Estudios recientes sugieren que reducir temporalmente el uso de redes sociales y teléfonos inteligentes puede favorecer el bienestar, el sueño y la concentración.

Ciudad de México.— Reducir temporalmente el uso de redes sociales y del teléfono celular puede convertirse en una alternativa para identificar hábitos digitales, recuperar tiempo para otras actividades y evaluar qué tan dependiente se ha vuelto una persona de la conexión permanente.
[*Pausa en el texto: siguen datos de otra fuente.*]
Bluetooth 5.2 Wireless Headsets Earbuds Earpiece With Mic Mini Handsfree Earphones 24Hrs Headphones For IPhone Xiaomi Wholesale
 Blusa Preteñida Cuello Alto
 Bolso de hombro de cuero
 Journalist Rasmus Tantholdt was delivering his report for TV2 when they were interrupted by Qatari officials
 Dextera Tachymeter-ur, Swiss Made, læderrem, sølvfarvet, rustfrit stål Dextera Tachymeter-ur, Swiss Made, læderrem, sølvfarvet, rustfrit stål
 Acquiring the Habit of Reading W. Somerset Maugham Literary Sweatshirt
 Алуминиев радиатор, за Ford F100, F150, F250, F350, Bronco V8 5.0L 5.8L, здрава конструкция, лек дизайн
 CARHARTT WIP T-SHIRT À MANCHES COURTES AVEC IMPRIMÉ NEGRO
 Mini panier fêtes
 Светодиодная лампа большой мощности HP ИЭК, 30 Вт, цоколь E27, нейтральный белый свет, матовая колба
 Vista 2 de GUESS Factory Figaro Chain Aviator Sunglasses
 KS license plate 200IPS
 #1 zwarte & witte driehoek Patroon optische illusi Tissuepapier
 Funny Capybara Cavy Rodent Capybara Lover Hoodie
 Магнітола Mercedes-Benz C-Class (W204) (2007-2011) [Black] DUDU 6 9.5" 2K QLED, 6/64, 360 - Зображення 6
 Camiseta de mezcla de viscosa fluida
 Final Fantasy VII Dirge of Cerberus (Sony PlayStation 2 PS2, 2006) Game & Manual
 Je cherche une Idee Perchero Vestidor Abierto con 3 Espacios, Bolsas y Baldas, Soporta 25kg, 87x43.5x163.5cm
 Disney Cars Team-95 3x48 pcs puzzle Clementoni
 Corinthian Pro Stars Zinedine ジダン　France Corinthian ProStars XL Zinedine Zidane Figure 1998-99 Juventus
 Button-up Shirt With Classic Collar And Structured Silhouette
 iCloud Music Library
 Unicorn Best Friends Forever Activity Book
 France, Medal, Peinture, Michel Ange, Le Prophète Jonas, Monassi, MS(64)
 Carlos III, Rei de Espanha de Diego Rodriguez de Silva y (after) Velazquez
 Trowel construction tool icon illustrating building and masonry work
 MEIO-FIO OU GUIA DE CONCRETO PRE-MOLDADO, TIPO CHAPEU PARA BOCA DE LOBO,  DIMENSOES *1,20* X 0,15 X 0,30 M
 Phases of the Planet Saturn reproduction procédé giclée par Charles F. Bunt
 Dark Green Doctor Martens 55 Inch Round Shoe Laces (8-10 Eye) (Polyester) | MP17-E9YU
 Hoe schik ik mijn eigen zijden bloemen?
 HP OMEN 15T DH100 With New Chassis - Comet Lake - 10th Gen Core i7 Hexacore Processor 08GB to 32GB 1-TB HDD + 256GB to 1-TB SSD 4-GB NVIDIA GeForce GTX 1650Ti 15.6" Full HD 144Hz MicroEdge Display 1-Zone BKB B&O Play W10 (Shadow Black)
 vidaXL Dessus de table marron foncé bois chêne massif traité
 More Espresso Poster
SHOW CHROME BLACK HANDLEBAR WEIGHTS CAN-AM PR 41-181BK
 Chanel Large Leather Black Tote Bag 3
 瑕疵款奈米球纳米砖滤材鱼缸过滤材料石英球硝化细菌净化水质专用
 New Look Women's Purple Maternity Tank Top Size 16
Investigaciones recientes sugieren que disminuir el tiempo frente a las pantallas puede generar mejoras en algunos indicadores de bienestar, sueño, concentración y estrés, aunque los especialistas advierten que los resultados no son iguales para todos.
En México, el uso de dispositivos digitales forma parte de la vida cotidiana de una amplia mayoría de la población. Durante 2025, 86.1 por ciento de las personas de seis años o más utilizó internet, equivalente a unos 104.9 millones de habitantes, mientras que 84.6 por ciento empleó teléfono celular, de acuerdo con información del Inegi.
Ante este escenario ha cobrado fuerza el llamado “detox digital” o descanso de redes sociales, una práctica que consiste en reducir o suspender temporalmente el acceso a determinadas plataformas con el propósito de observar cómo cambia la rutina diaria cuando desaparecen las notificaciones, publicaciones y revisiones constantes del teléfono.
Un estudio publicado en PNAS Nexus analizó qué ocurrió cuando participantes permanecieron durante dos semanas sin internet móvil en sus teléfonos, aunque conservaron las llamadas y mensajes de texto. Los investigadores detectaron mejoras en bienestar subjetivo, salud mental y capacidad de atención, y observaron que muchas personas dedicaron más tiempo a actividades como convivir cara a cara, hacer ejercicio y permanecer en espacios naturales.
Otra investigación, publicada en BMC Medicine, pidió a estudiantes limitar el uso total de sus smartphones a dos horas diarias durante tres semanas. Al finalizar el periodo se registraron mejoras pequeñas o moderadas en aspectos como estrés, síntomas depresivos, calidad del sueño y bienestar. Sin embargo, una vez concluida la intervención, el tiempo de uso comenzó a incrementarse nuevamente.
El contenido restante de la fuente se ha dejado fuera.